INFORMATION:

--*--

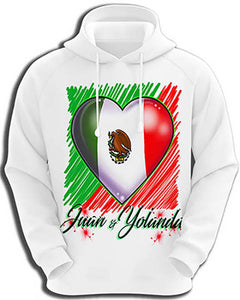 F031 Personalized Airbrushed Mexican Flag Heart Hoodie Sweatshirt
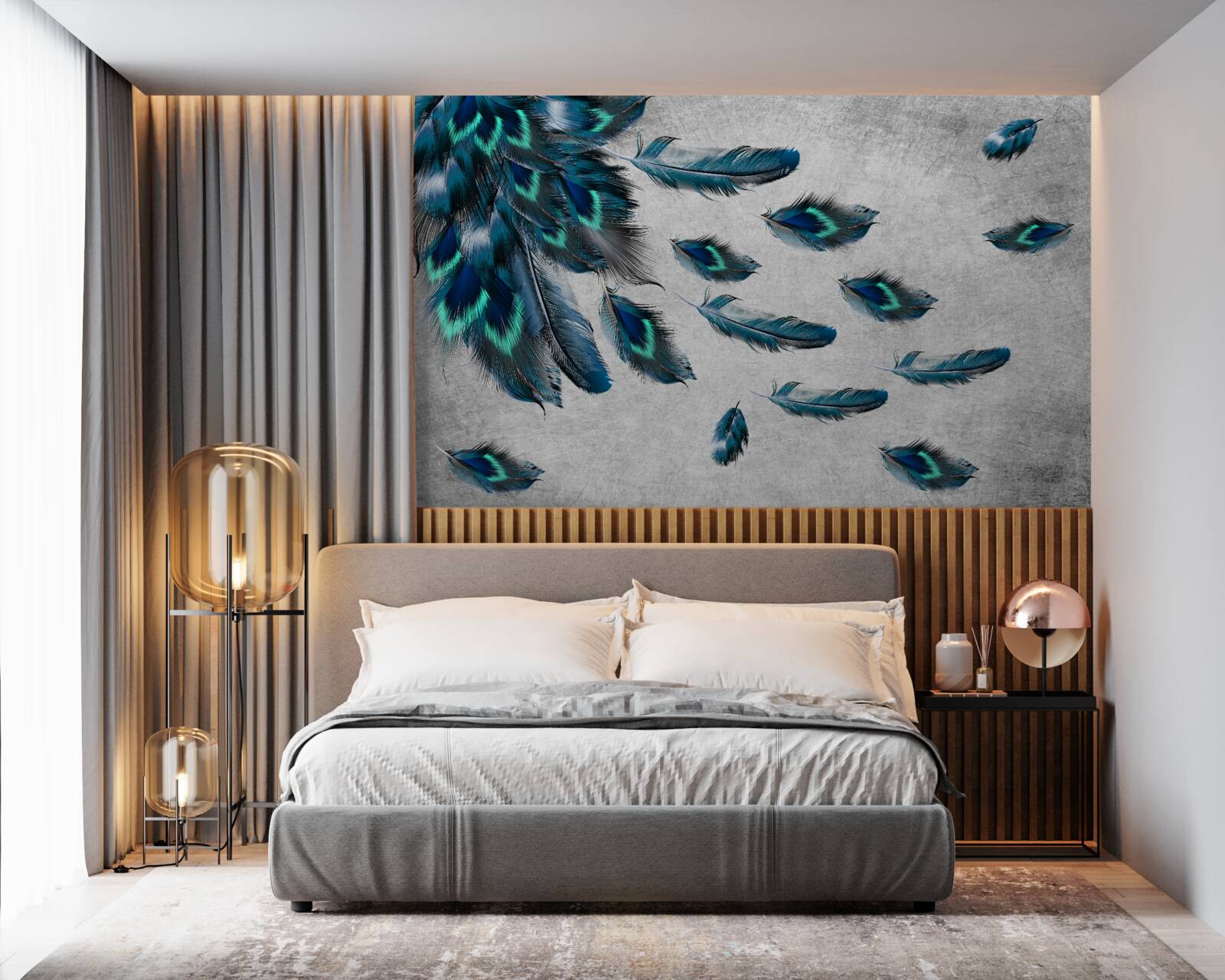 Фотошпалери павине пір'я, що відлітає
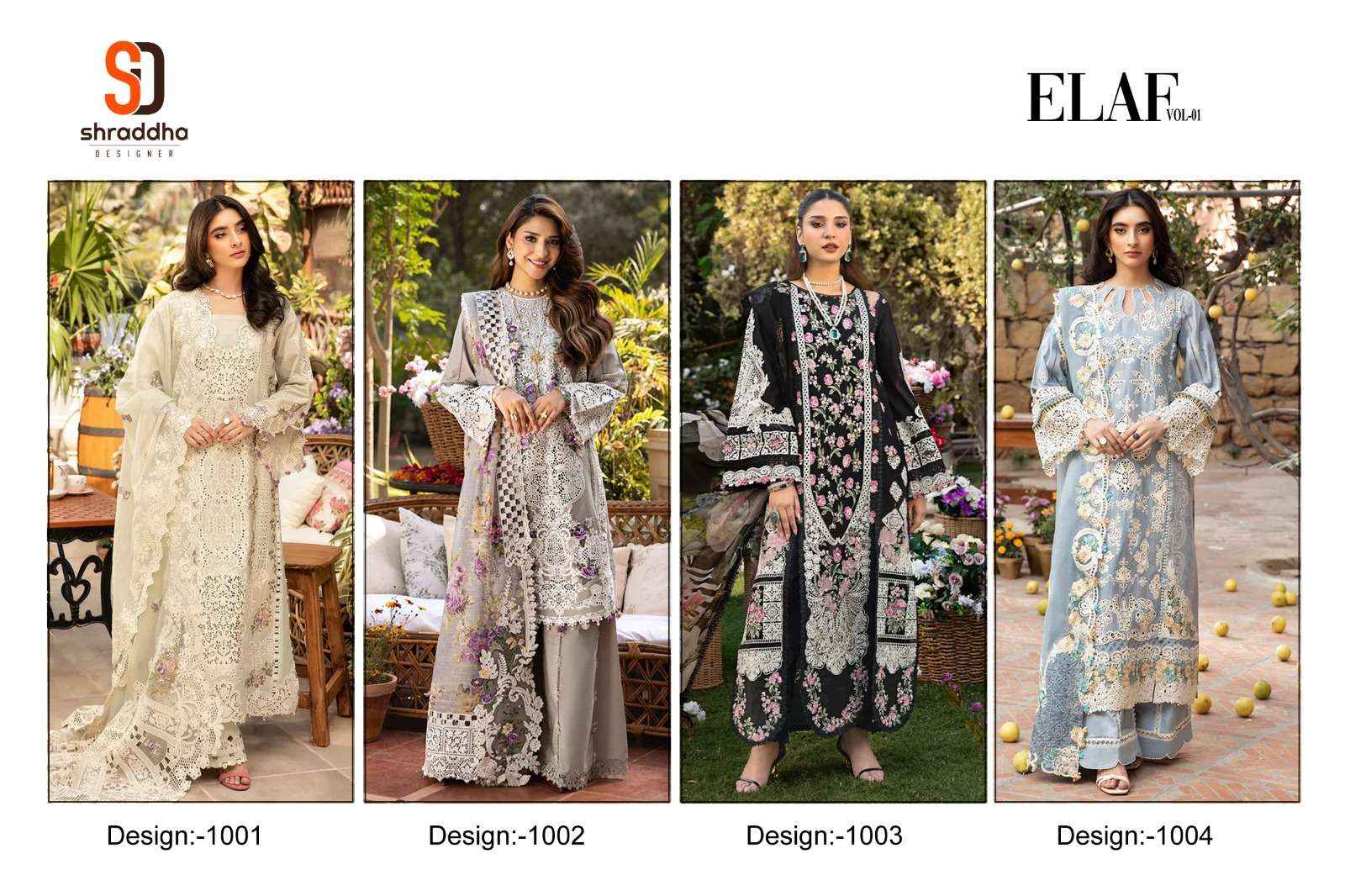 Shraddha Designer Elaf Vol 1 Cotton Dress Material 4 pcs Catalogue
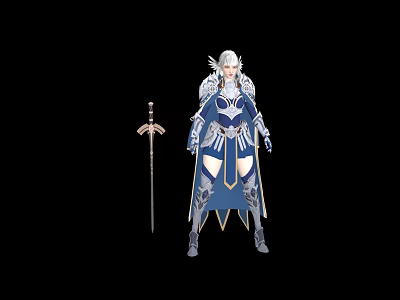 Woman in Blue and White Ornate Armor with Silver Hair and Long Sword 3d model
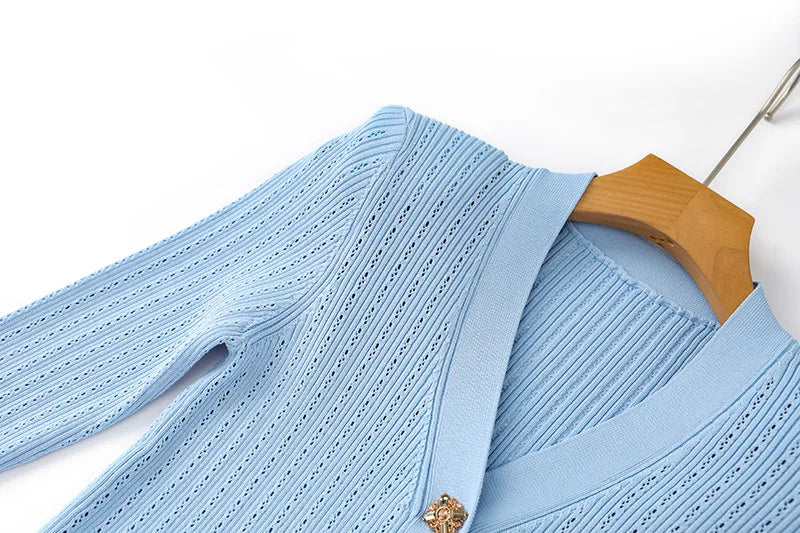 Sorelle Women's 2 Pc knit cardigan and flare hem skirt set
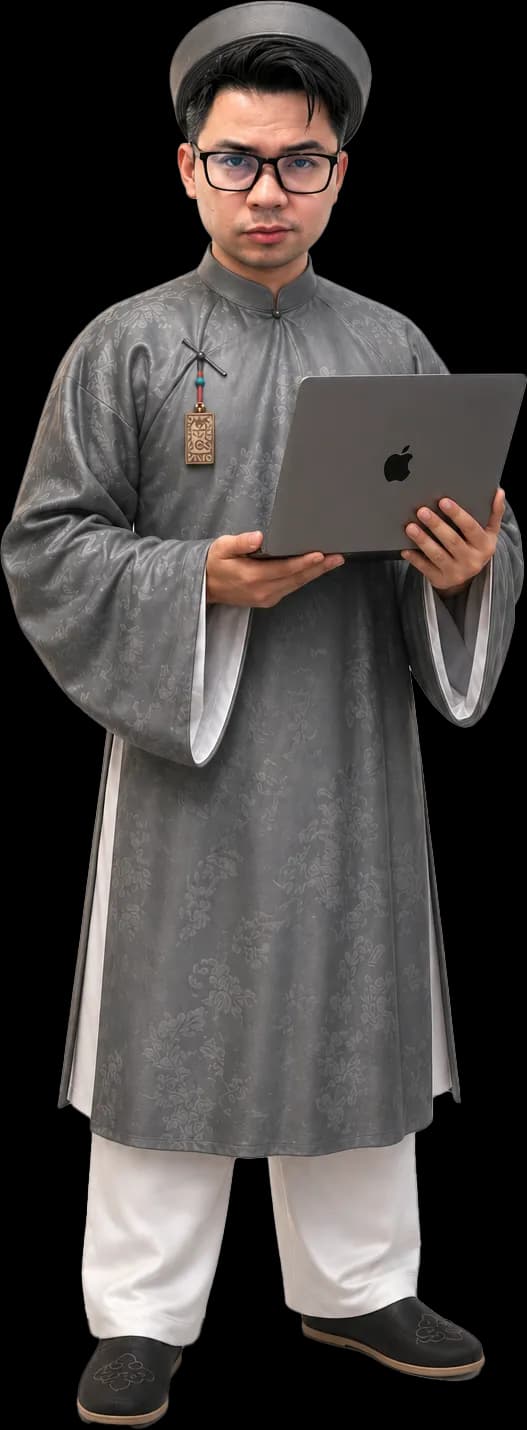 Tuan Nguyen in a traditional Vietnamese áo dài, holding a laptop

--*--

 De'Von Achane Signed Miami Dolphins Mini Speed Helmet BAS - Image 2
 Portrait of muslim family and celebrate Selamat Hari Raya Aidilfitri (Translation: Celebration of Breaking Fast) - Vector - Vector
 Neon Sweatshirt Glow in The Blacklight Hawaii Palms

--*--

WORK TO BE COMPLETED:
Transcribe, from the material above, the stretch starting at the line with "F031 Personalized Airbrushed" and ending at the line with "Sorelle Women's 2", both included, exactly. Do not carry over pictures.

REPLY TO THE EXERCISE:
 F031 Personalized Airbrushed Mexican Flag Heart Hoodie Sweatshirt
 Фотошпалери павине пір'я, що відлітає
 Shraddha Designer Elaf Vol 1 Cotton Dress Material 4 pcs Catalogue
 Woman in Blue and White Ornate Armor with Silver Hair and Long Sword 3d model
 Sorelle Women's 2 Pc knit cardigan and flare hem skirt set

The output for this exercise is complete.